The suit was brought by the state chapter of the NAACP (National Association for the Advancement of Colored People), the League of Women Voters, the US Department of Justice, and a group of college students. It attacks a series of measures enacted by the legislature to make voting less convenient for voters who have difficulties with transportation or getting time off to go the polls, who are disproportionately poor and African American.
The state of North Carolina was the first to act after the June 2013 decision by the U.S. Supreme Court to overturn section 4 of the Voting Rights Act. This section of the law required federal approval of any changes in state voting laws in nine, mostly southern states, where legal segregation and racial discrimination at the polls had prevailed into the 1960s.
The 5-4 court majority claimed that there was no longer any need for automatic pre-clearance of changes in voting procedures in those states, because so much time had passed since the abolition of Jim Crow.
The Republican-controlled legislature moved quickly to prove the court majority wrong, passing a raft of restrictions aimed at reducing the African American vote in the state. None of the laws specifically targets people by race, but the discriminatory effect and intent were nonetheless clear. Among the actions:
The legislature also passed a strict voter ID law at the time, requiring all voters to provide state-issued photo identification at the polls, but that law was softened earlier this year to remove that issue from the constitutional challenge in the federal court.
The plaintiffs had originally sought an injunction against the laws prior to the 2014 elections. Judge Thomas Schroeder, an appointee of President George W. Bush who is hearing the case this week without a jury, denied the request. His decision was reversed by the US Court of Appeals for the Fourth Circuit, but its decision was then reversed by the U.S. Supreme Court, with the result that all the restrictions were in effect during the voting last November.
It is widely expected that regardless of the outcome of the current case, the losing side will appeal the result all the way to the Supreme Court.
That the North Carolina laws were put in place to suppress the minority vote, there is little doubt. The plaintiffs pointed out that black voters have taken advantage of early voting laws to cast their votes more conveniently (with less unpaid time off for those working) and avoid harassment at the polls.
African-Americans are 23 percent of registered voters in the state, but in the 2012 elections, African-Americans made up 70 percent of the early vote, 34 percent of those who voted without state issued ID and 41 percent of those who took advantage of same-day registration.

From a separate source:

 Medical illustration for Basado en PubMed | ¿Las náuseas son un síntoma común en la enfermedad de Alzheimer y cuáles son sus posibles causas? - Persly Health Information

Attorneys for the state along with Republican legislators, on the other hand, claim that the restrictions on voting are intended to fight voter fraud. This widely discredited lie has been commonly used by right-wing politicians as a pretext for disenfranchising working class voters. Actual proven cases of voter fraud are exceedingly rare.
An expert opinion filed by the plaintiffs in the case by Dr. Lorraine C. Minnite states: “Between 2000 and 2014, the North Carolina State Board of Elections referred just two cases of voter impersonation to county district attorneys for prosecution. Over the same period, there were no federal indictments for voter impersonation in North Carolina. More than 35 million votes (35,134,262) were cast in the 16 primary and federal elections alone between 2000 and 2014 in North Carolina. If we count the two referrals as cases of voter impersonation, the rate of voter impersonation fraud in these elections is .000005692449.”
In spite of the lack of documented fraud, state Republicans continue to assert that the measures are necessary. After signing the law in 2013, Governor Pat McCrory declared: “Even if the instances of misidentified people casting votes are low, that shouldn’t prevent us from putting this non-burdensome safeguard in place.”
North Carolina House speaker Thom Tillis admitted at the time, “There is some voter fraud, but that’s not the primary reason for doing this.” Instead, he claimed, the issue was popular fears of fraud, however unjustified, fears that have been systematically whipped up by right-wing talk radio and the ultra-right Tea Party faction of his own Republican Party.
“There’s a lot of people who are just concerned with the potential risk of fraud, and in our state it could be significant,” he said. “This is just a measure that we think makes three-fourths, nearly three-fourths of the population more comfortable and more confident when they go to the polls.”
The state’s brief scarcely concealed the racial and political motivation of the anti-voting measures, denouncing, “Plaintiffs’ argument … that minorities are entitled to either the equivalent of election law affirmative action or practices that are favored by political organizations dedicated to maximizing Democratic turnout.”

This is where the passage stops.